The money is expected to enhance much of what the county had planned last year when the Washington Foundation and MR gave a $2.5-million grant to help initiate work on the park.
But Butte-Silver Bow Parks and Recreation Director J.P. Gallagher said Monday that instead of a $350,000 children’s playground, the county is now going to put in a $1-million children’s playground into the park.
Work is ongoing on the park and on the carousel, which will provide a replica of the carousel that existed in the former Columbia Gardens amusement park in Butte. Columbia Gardens closed in 1973. The $3 million will also pay for landscaping work that will surround the building that will house the carousel. Previously, the private foundation behind the creation of the carousel, Spirit of Columbia Gardens Carousel, was going to be responsible for that landscaping, Gallagher said.
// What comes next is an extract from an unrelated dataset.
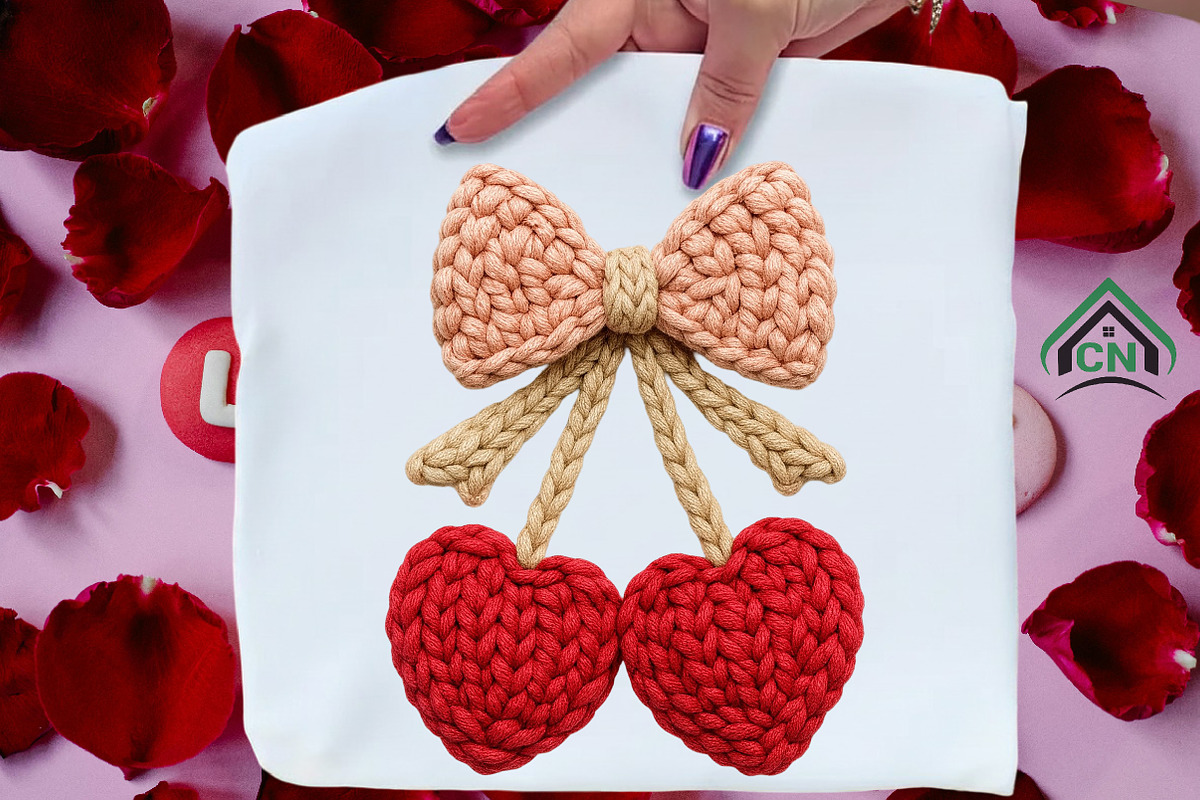 Knitted Valentine Cherry Coquette, an Illustration by Craft Nest (Photo 4 of 6)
The $3 million grant will also pay for improvements to roads leading into the park and a parking lot. It will allow for the construction of stormwater infrastructure. Additional work funded by the Washington Foundation and MR grant include the tennis courts, picnic shelters, gazebos, and a "Central Park corridor" that will run between the new water park and the carousel.
The mining company will not, however, support moving the dilapidated Columbia Gardens’ arch to Stodden Park. That was part of the original plan, but further investigation into the arch, which wound up at a private home in southwest Butte, determined that it can’t practically be moved to the park.
“It was too cost-prohibitive to bring it in,” Gallagher said.
In place of that, the county has opted to build a pavilion that will be reminiscent of the dance pavilion that was located at Columbia Gardens, Gallagher said.
In addition to the carousel, the water park is under construction, thanks to a $7.2-million public bond and $1.5 million in public and private money.
The carousel is going up thanks to fundraising efforts from a nonprofit called the Spirit of Columbia Gardens Carousel Foundation and years of volunteers' work.
Gallagher said the county intends to have the park complete by the end of construction season next year.
Both Butte-Silver Bow Chief Executive Dave Palmer and MR’s president Rolin Erickson have said they anticipate Stodden becoming a “premier park facility” in Butte.
Mike Halligan, executive director of the Dennis and Phyllis Washington Foundation, said, “We are pleased to support the revitalization of Butte’s signature public park.”